Representatives from small businesses and nonprofits talk about the benefits of cost-free cyber security services they receive from Maryville University.

by Constance Gibbs

Representatives from St. Louis area startups, small businesses and nonprofits gathered on campus recently to discuss the cyber security services they receive free of charge thanks to Maryville University.

The services are provided by Maryville cyber security students working in the state-of-the-art Cyber Fusion Center (CFC). The Center is managed by faculty experts and staffed by teams of students enrolled in designated cyber security classes. Services include penetration testing, vulnerability management, digital forensics and cyber threat monitoring.

Cyber security is an important issue for these organizations because many do not have the budgetary or personnel resources to meet the growing need for data protection. Without that protection in place, a loss of information could be catastrophic.

“Data security and data privacy have become a top priority as we move more information online,” said Deb Ketring, chief information officer for Rockwood School District. “Partnering with Maryville has allowed us to improve our information and security practices without using our limited funds to hire a cybersecurity professional.”

Many groups said the significant cost savings provided through their Maryville partnership allows them to place greater emphasis on their programs and services benefitting children, youth and adults in the region.

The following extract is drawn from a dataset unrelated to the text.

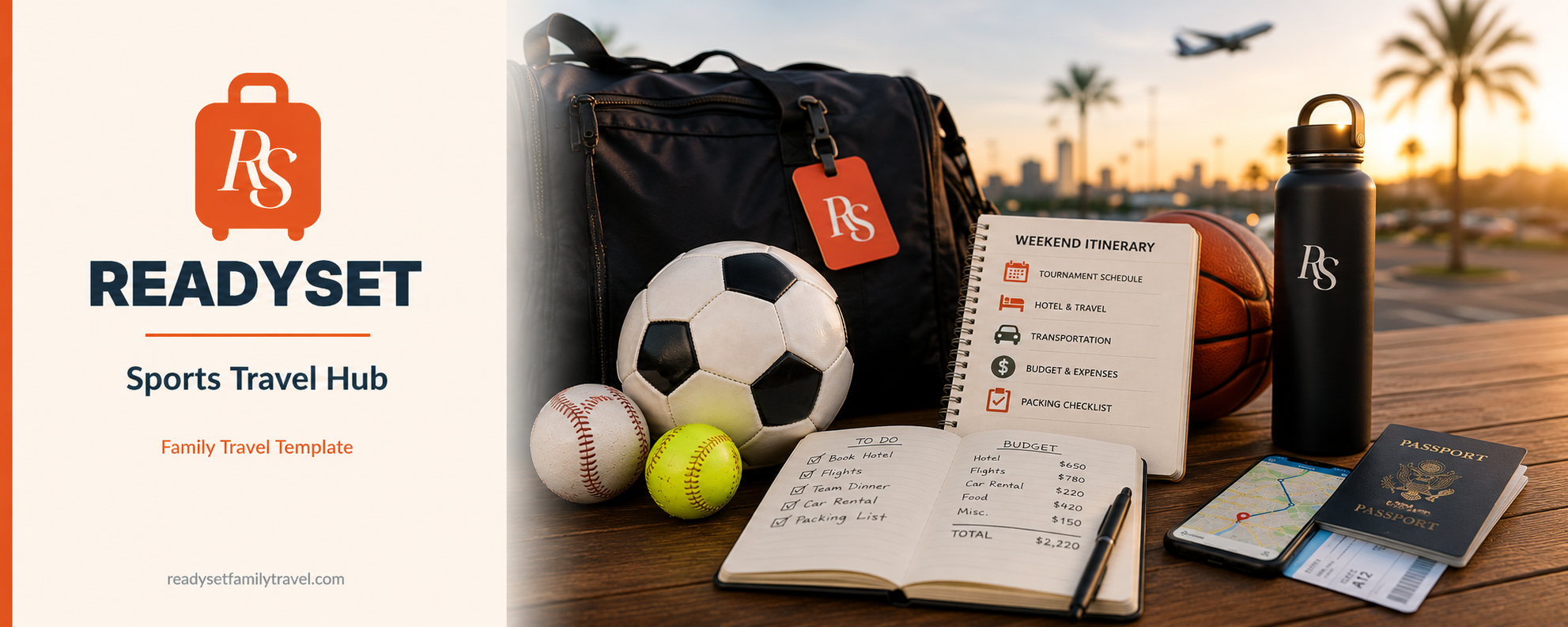 Sports Travel Planning Hub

“This program is a breath of fresh air for school districts, like ours, that devote all their resources to students,” said Jason Rooks, director of technology and innovation for Parkway School District. “The monetary value of the information Maryville provides to us is huge. I’m able to take the funds I’m not spending on these services and put them back into the classroom with our students.”

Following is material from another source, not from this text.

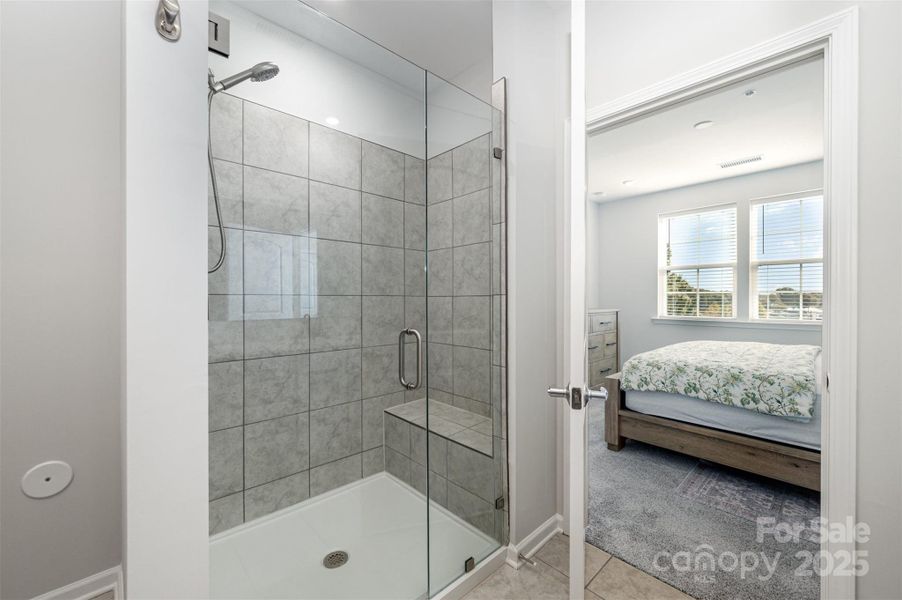 Furnished interior view inside a new home in , Sherrills Ford (Image 8).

The program also connects individuals in the region’s nonprofit and startup communities through education, mentoring and networking. Workshops are held discussing a variety of cyber security topics at St. Louis’ burgeoning tech communities of T-REX and Cortex. Attendees then share that knowledge with their networks.

Rooks spoke about his district’s partnership with Maryville at a recent gathering of the Missouri School Board Association. His presentation discussed incident response best practices and included a recommendation for groups to reach out to Maryville during future incidents.

“School districts have robust technology infrastructures comparable to Fortune 500 companies, but we often get overlooked in the cyber security world. I want other districts to know that when things get serious, they have a resource to reach out to for guidance and support before, during and after an incident takes place,” he said.

More than 150 nonprofit organizations, including charities, churches, school districts and private schools, small businesses and social service providers, have received free information security analysis through the CFC. Partnerships exist through the “Protect and Connect” program with funding support provided through a three-year, $435,000 grant from the PNC Foundation.

“We are impressed with how the ‘Protect and Connect’ program has grown since its inception and the many different constituents it has engaged,” said Debbie Marshall, senior vice president and director of client and community relations for PNC Financial Services Group. “It’s interesting to hear how the CFC clients don’t have the resources to dedicate to cyber security, even though there is a great need. We’re thrilled Maryville’s cyber security students are able to come in and fill that need.”